While it was a tough decision to fold their tent and move to Lowe, Goldsmith says, "the priority was to do great work, visible work, and be attached to an agency that I thought could really be a big player." By most accounts, it was a good gamble. Goldsmith, named executive VP-deputy creative director, quickly teamed with Garfinkel on the aforementioned Sony TV campaign, while managing director Jeffrey -- also an exec VP -- played a key role in the Sun Microsystems win and the subsequent setting up of the San Francisco office.
Reports of two captains on one ship, duking it out on the bridge, could not be confirmed. Goldsmith and Garfinkel claim to have a loose, almost ad hoc division of account responsibilities. Garfinkel takes the lead on Mercedes and Sprite, Goldsmith on Sony.

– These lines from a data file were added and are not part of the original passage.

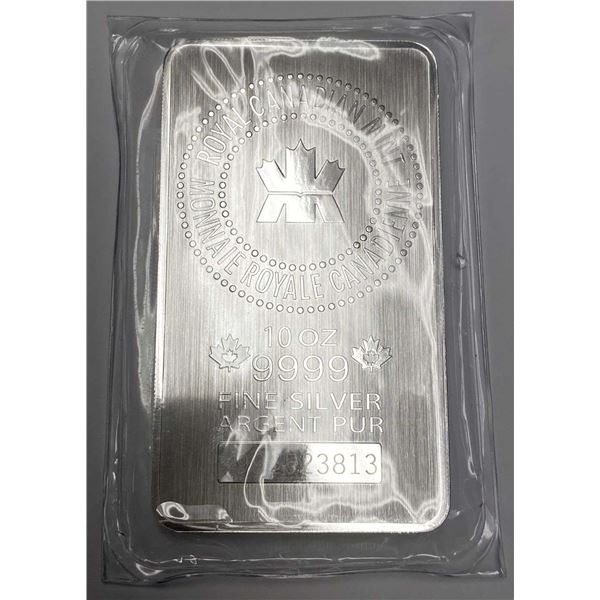 Royal Canadian Mint 10 ozt .9999 Silver Bar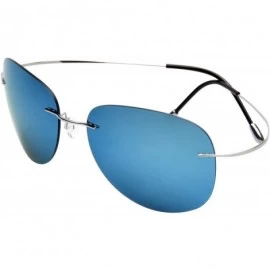 Aviator Designer Classic Titanium Men Women Polarized Aviator Sunglasses LSP8016T - Silver Leg Sky Blue Lenses - CT12N35B7Z9 ...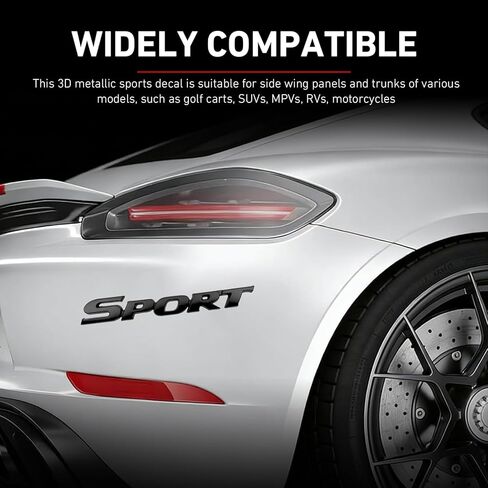 2PCS 3D Metal Car Sport Sticker, Metal Sport Edition Emblem Car Tailgate Decal Sticker, Personalise Sport Emblem Badge, Car 3D Logo Decoration Accessories, for Bumper Side Fender (Black) in Saudi Arabia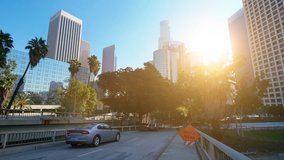 High quality video of street in Los Angeles in 4K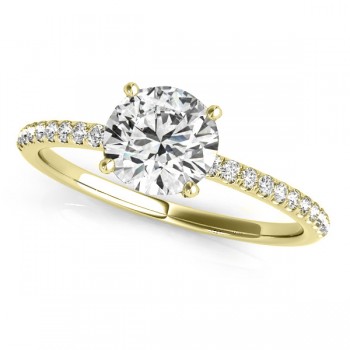 Diamond Accented Engagement Ring Setting 14k Yellow Gold (1.12ct)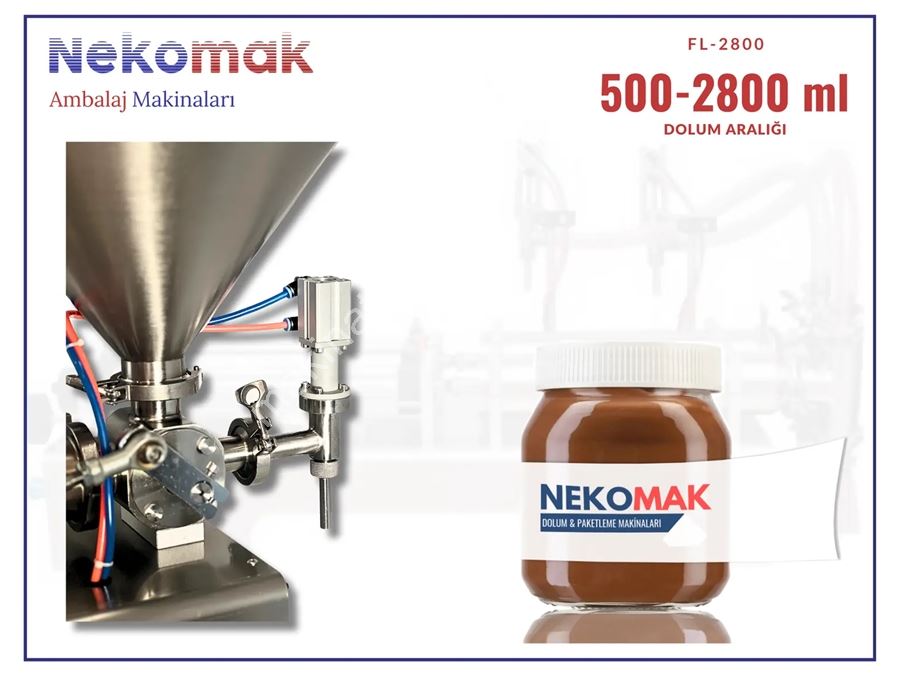 500–2800 ml Tek Nozullu Yüksek Viskoziteli Yarı Otomatik Sıvı Dolum Makinası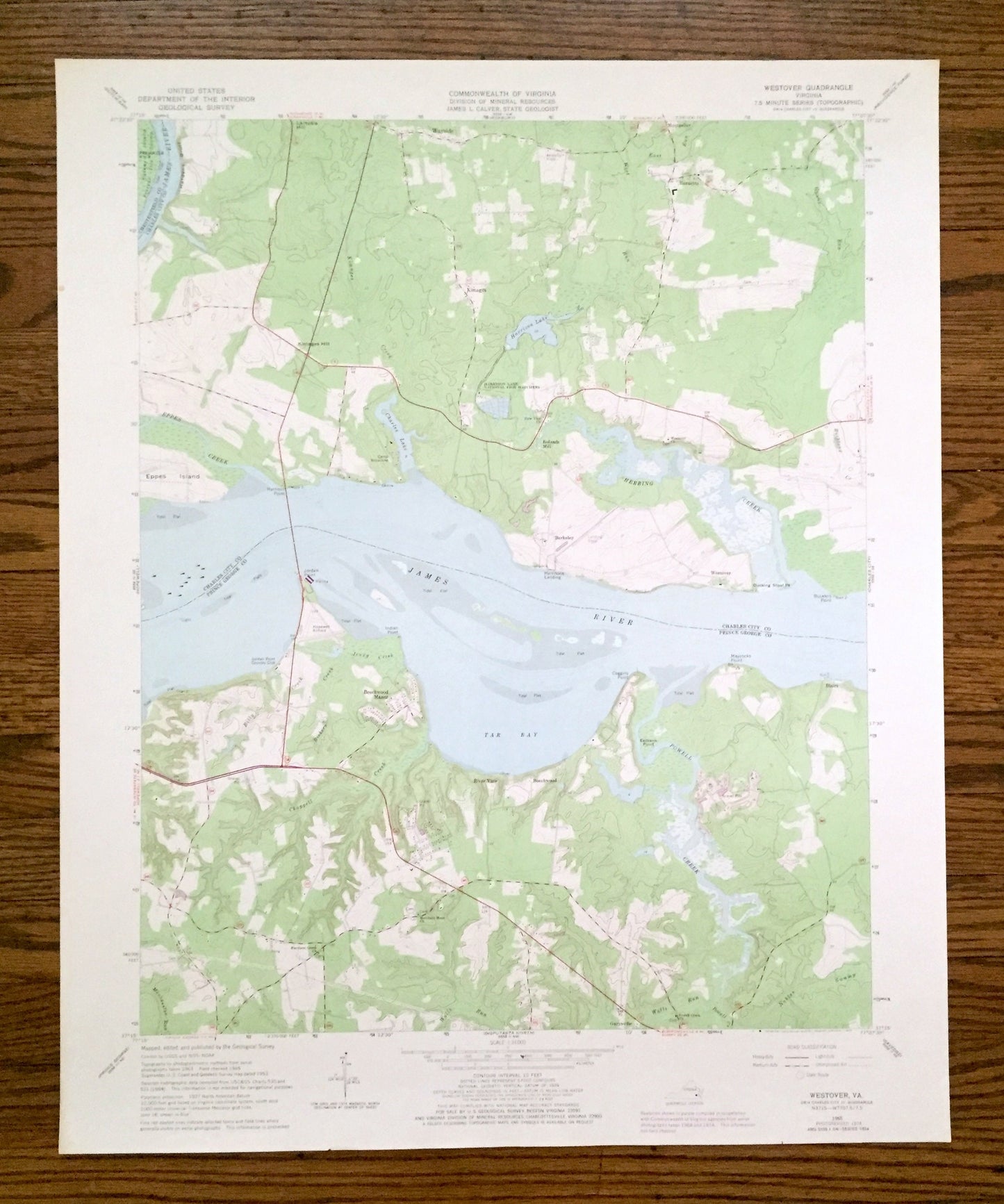 Antique Westover, Virginia 1965 US Geological Survey Topographic Map – Charles City, Prince George County, James River, Tar Bay, Nogtopia VA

Often, they say, they both try to look at work before it goes out the door.
Overall, though, the creative environment is largely shaped by Garfinkel's personality. He's a self-confessed workaholic who nonetheless likes to keep things collegial around the office, and who could sometimes be seen wandering the hallways strumming his guitar. Given his laid-back personal style -- with his neatly trimmed beard and jeans, he looks like he's more at home on a movie set than in a boardroom -- he makes an interesting counterpoint to the more buttoned-down Goldsmith, who was often seen at One Club events in a pin-striped suit.
Perhaps the keenest perspective on what Garfinkel has meant to the agency comes from Lowe's 64-year-old co-chairman Marvin Sloves, whose career seems to have been rejuvenated since the merger four-plus years ago. "This has been one of the most satisfying periods of my life," he says, adding, "not many people have had a chance to do this twice." The former partner of industry legends Ed McCabe and Sam Scali has a lot of faith in Garfinkel. "I wouldn't have partnered with a guy like Lee at this point in my career if I didn't think he was going to make history. I'd bet my money on it."